Indeed, the education department at the University of Illinois is a hotbed for the radical education professoriate. As Ayers puts it in one of his course descriptions, prospective K–12 teachers need to “be aware of the social and moral universe we inhabit and . . . be a teacher capable of hope and struggle, outrage and action, a teacher teaching for social justice and liberation.” Ayers’s texts on the imperative of social-justice teaching are among the most popular works in the syllabi of the nation’s ed schools and teacher-training institutes. One of Ayers’s major themes is that the American public school system is nothing but a reflection of capitalist hegemony. Thus, the mission of all progressive teachers is to take back the classrooms and turn
them into laboratories of revolutionary change.
Unfortunately, neither Obama nor his critics in the media seem to have a clue about Ayers’s current work and his widespread influence in the education schools. In his last debate with Hillary Clinton, Obama referred to Ayers as a “professor of English,” an error that the media then repeated. Would that Ayers were just another radical English professor. In that case, his poisonous anti-American teaching would be limited to a few hundred college students in the liberal arts. But through his indoctrination of future K–12 teachers, Ayers has been able to influence what happens in hundreds, perhaps thousands, of classrooms.

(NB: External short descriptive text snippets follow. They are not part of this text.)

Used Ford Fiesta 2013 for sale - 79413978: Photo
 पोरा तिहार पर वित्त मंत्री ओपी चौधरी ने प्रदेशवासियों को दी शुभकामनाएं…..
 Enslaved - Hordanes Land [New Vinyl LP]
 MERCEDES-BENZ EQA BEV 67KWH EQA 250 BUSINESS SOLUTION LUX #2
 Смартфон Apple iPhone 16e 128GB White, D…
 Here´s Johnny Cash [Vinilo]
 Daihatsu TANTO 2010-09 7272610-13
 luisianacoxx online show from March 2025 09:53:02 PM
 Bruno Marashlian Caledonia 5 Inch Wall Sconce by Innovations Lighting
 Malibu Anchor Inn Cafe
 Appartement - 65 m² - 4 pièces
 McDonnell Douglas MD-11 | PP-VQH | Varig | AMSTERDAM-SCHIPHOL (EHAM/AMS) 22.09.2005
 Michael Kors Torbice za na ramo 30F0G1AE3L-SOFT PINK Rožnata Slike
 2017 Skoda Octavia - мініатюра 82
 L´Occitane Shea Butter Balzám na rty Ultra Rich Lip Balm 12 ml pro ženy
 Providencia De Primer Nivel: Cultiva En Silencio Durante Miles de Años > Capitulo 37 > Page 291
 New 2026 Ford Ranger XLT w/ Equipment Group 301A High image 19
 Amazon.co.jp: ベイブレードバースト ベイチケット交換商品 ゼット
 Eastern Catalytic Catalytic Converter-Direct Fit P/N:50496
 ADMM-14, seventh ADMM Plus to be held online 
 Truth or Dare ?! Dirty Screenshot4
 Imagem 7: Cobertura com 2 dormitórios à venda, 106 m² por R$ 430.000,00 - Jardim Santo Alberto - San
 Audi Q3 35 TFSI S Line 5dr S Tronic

So, I will take Ms. Lenz at her word. Barack Obama didn't serve hand in hand on the Annenberg board with a former terrorist. No, instead he served on the Annenberg board witha teaching radical. He served with an individual that believes that America's education agenda should focus on teaching about anti American themes that condemn capitalism and encourage "social justice". He believes this is what we should strive for in K-12 education. This is what the theme of the Annenberg project was. This is what Barack Obama contributed to, and this is what we should expect his education policy to be.